One possible reason influencing the abundances and trends of corvids is the food availability [101]. Szala et al. [32] detected a positive correlation between the winter abundance of the Eurasian Jackdaw and the number of garbage cans in the city of Poznań, Poland. However, Vuorisalo et al. [12] suggested that the local overabundance of food does not fully explain the sudden increase in the Hooded Crow population density in the 1960s in Finland. Despite the fact that the total number of winter-feeding sites has decreased from 1991/92 to 2019/2020, we did not find any significant correlations between the growth rates of the corvid species and the changing number of feeding sites. These results partly differ from Väisänen [29] who has indicated that some species, such as the Eurasian Jay and the Hooded Crow, have benefitted from the intentional winter feeding of birds in Finland. Similar results to Väisänen [29] have also been detected in Britain, where the Eurasian Magpie, the Eurasian Jackdaw, the Carrion Crow (Corvus corone corone) and the Eurasian Jay increased their garden-feeder use during 1973–2012 [97]. However, the recent decline in the Eurasian Jackdaw populations in several European cities has been related to the lack of good-quality food [102,103].

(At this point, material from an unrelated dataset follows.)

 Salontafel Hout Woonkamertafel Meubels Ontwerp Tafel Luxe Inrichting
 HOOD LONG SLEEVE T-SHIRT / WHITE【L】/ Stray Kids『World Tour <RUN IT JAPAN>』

Many corvid species use rubbish dumps (landfill sites) as foraging areas (see, e.g., [76]). However, partly due to the new EU waste legislation, Finland also renovated the waste law so that the waste collection was centralized and the number of rubbish dumps was heavily decreased (Waste law 1072/1993; [104]. For example, the number of rubbish dumps has been decreased from over 550 sites in 1990 to about 75 sites in 2010 in Finland [103]. Additionally, since the year 2016, it was not allowed to transport biowastes, which are important food sources for corvids, to the rubbish dumps in Finland [104]. We assume that the changed waste legislation has influenced corvids´ food availability and foraging areas, but unfortunately, detailed scientific studies related to the changed legislation and the corvids are still lacking. In our case, the increase in the Eurasian Jackdaw numbers happened during 1991–1999 and 2010–2019, i.e., just when the new waste legislation was implemented (1993) and when biowaste transportation to the rubbish dumps was ended (2016) in Finland. It is possible that the reduction in rubbish dumps, the increased distance between the individual rubbish dumps and cities, as well as the decrease in biowastes in rubbish dumps have forced, e.g., the Eurasian Jackdaws, to seek food within urban areas more often.

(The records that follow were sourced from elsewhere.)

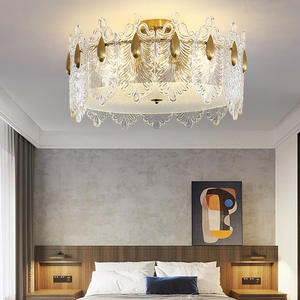 Lámpara colgante de boda para hotel de interior de nuevo estilo del fabricante, lámpara de techo LED de cristal nórdico moderno, interruptor de bronce certificado AC UL - Product Image 3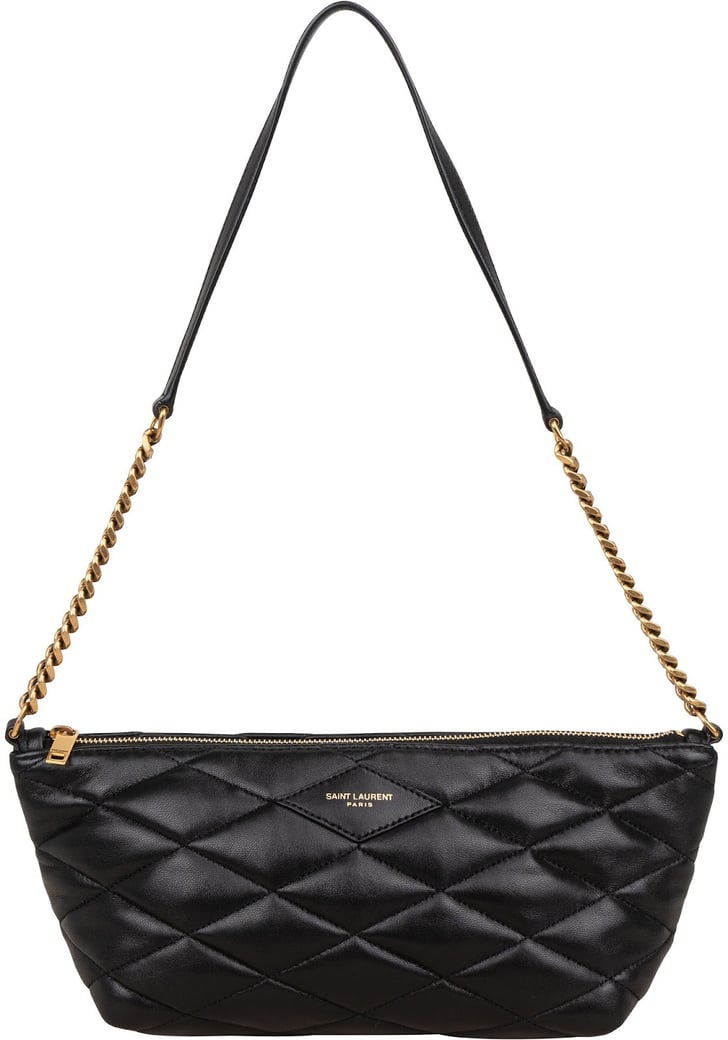 Saint Laurent Quilted Lambskin Sade Pochette Shoulder Bag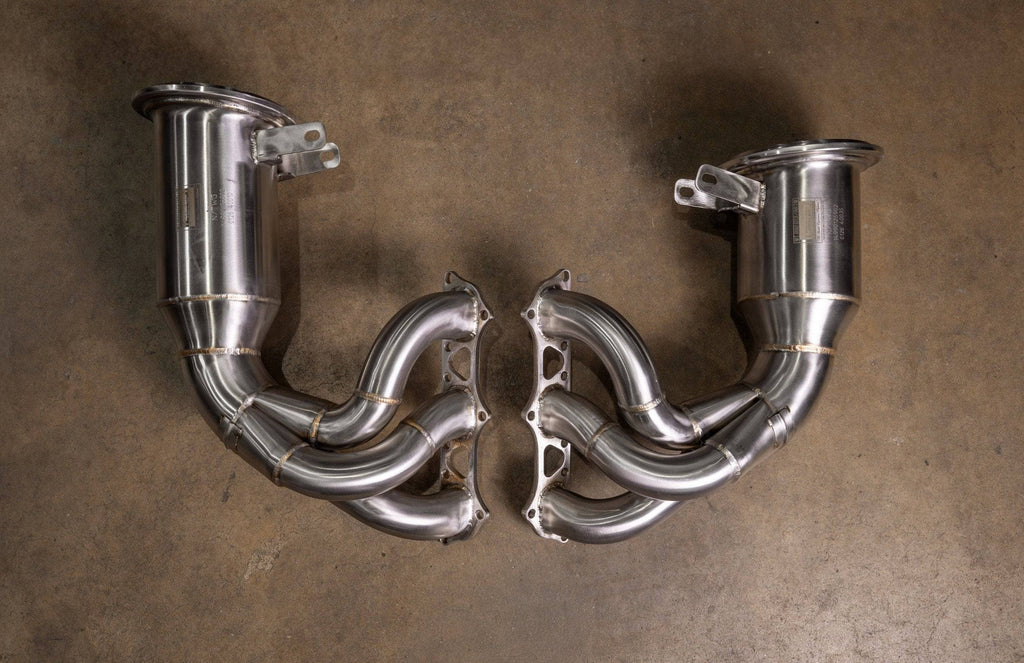 Kies-Motorsports Valvetronic Designs 400 Cell Catted Down Pipes For Porsche 992 GT3 / GT3 RS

4.4.4. Interspecific Interactions

Interspecific interactions may influence the abundance of corvid species [75,76]. Our results indicate that the between-species correlations in growth rates were all positive, but non-significant, suggesting that some factors affect different corvid species in a similar way, and that there is no interspecific competition between corvid species during the winter season in Finland. Additionally, Szala et al. [32] and Zmihorski et al. [52] have found positive associations between wintering corvid species in Poland. In addition, Waite [105,106] has observed that the overlap of the winter-season habitat use of four sympatric corvid species is large [105] and that the overlap of the resource use of corvids is insufficient to support the occurrence of interspecific aggression [106]. However, there are also observations that crows may chase-attack other corvids [76,106]. More experimental studies are needed to understand in more detail the possible role of interspecific competition on the habitat use of corvids, both during the winter and the breeding seasons.

4.4.5. Other Factors

Sorace and Gustin [107] have indicated that the level of urbanization may influence the distribution and abundance of corvids. However, even though the urbanization level of our study sites increased during the study period, it did not have any influence on corvid numbers or their population growth rates. There are two alternative reasons for these conflicting results. Firstly, our study was conducted during the winter season, whereas Sorace and Gustin´s [107] study was conducted during the breeding season. It is well-known that birds are more opportunistic in terms of their food choice and habitat use during the winter than any other season (e.g., [65], and therefore the impact of urbanization level may have a minor effect on the wintering corvids. Secondly, Sorace and Gustin´s [107] study was conducted in southern latitudes in Italy, whereas our study was conducted in northern latitudes. It is possible that the habitat needs of southern and northern corvid populations may differ. We did not detect any direct influence of the changing climate on the abundance or growth rates of corvids. However, we suppose that the range expansion of the Eurasian Jackdaw towards to the north can be at least partly due to the climate warming during 1990–2020 in Finland (see e.g., [42]).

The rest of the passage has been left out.